He had some evidence for this; in his childhood, he had often been able to bend reality to his desires.
Rebelliousness and willfulness were ingrained in his character.
He had the sense that he was special, a chosen one, an enlightened one.
"He thinks there are a few people who are special— people like Einstein and Gandhi and the gurus he met in India
and he's one of them," said Hertzfeld.
"He told Chrisann this. Once he even hinted to me that he was enlightened.
It's almost like Nietzsche."
Jobs never studied Nietzsche,
but the philosopher's concept of the will to power and the special nature of the überman came naturally to him.
As Nietzsche wrote in Thus Spoke Zarathustra,
"The spirit now wills his own will, and he who had been lost to the world now conquers the world."
If reality did not comport with his will, he would ignore it,
as he had done with the birth of his daughter and would do years later, when first diagnosed with cancer.
Even in small everyday rebellions, such as not putting a license plate on his car and parking it in handicapped spaces,
he acted as if he were not subject to the strictures around him.
Another key aspect of Jobs's worldview was his binary way of categorizing things.
People were either "enlightened" or "an asshole."
Their work was either "the best" or "totally shitty."

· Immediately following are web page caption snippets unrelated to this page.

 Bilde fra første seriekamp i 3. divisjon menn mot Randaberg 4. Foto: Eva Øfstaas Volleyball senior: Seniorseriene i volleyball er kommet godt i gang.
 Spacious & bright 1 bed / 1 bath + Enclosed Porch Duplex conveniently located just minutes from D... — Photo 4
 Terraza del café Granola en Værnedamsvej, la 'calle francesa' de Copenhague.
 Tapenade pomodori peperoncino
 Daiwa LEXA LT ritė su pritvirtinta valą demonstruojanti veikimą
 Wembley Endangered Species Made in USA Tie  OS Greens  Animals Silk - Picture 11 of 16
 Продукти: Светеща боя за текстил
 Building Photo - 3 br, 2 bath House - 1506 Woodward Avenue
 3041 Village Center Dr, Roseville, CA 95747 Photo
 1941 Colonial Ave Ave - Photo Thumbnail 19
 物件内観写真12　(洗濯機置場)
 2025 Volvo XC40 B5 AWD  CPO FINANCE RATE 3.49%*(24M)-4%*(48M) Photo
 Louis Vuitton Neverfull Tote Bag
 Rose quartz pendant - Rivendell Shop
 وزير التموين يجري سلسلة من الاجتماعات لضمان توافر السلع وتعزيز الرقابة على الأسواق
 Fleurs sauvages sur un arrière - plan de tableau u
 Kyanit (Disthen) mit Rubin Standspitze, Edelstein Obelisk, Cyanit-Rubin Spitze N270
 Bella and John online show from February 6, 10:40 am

Bill Atkinson, the Mac designer who fell on the good side of these dichotomies, described what it was like:
It was difficult working under Steve, because there was a great polarity between gods and shitheads.
If you were a god, you were up on a pedestal and could do no wrong.
Those of us who were considered to be gods, as I was,
knew that we were actually mortal and made bad engineering decisions and farted like any person,
so we were always afraid that we would get knocked off our pedestal.
The ones who were shitheads, who were brilliant engineers working very hard,
felt there was no way they could get appreciated and rise above their status.